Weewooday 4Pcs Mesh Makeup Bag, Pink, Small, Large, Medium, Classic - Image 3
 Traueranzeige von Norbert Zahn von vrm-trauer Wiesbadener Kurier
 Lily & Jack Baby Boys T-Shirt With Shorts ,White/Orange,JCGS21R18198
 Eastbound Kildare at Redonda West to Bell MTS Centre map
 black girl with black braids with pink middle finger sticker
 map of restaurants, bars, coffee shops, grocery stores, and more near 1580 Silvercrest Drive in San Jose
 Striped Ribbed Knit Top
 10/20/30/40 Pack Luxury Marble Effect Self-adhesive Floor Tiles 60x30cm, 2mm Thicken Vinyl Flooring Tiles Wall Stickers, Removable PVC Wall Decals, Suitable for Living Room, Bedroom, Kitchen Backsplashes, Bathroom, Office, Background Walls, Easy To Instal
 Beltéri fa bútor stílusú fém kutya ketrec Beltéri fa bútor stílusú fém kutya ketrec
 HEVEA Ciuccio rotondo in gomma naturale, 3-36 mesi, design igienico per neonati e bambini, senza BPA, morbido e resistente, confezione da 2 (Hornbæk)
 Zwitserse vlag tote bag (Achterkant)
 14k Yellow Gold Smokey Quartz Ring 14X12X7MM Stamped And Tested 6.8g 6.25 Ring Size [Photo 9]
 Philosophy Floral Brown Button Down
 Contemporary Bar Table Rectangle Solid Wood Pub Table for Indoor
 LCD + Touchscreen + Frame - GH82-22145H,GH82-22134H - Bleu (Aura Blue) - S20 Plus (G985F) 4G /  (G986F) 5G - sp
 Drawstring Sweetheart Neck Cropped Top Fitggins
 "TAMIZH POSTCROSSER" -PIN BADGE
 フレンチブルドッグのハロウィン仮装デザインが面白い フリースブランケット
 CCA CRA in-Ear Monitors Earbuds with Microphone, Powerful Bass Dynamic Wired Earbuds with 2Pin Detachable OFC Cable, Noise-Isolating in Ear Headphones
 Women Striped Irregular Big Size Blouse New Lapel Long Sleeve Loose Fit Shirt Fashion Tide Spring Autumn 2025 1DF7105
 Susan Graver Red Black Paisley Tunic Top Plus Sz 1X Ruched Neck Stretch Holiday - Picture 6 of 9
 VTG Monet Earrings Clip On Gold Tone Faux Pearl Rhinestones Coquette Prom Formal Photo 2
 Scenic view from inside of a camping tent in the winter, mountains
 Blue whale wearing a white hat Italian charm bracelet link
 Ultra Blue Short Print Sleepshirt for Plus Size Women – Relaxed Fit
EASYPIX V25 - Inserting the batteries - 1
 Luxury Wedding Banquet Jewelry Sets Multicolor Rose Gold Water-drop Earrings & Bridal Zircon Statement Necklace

★ ★ ★ ★

• Requirement:
In the listing, count every line holding the word "Size"; answer with the count alone.

• Solved problem:
3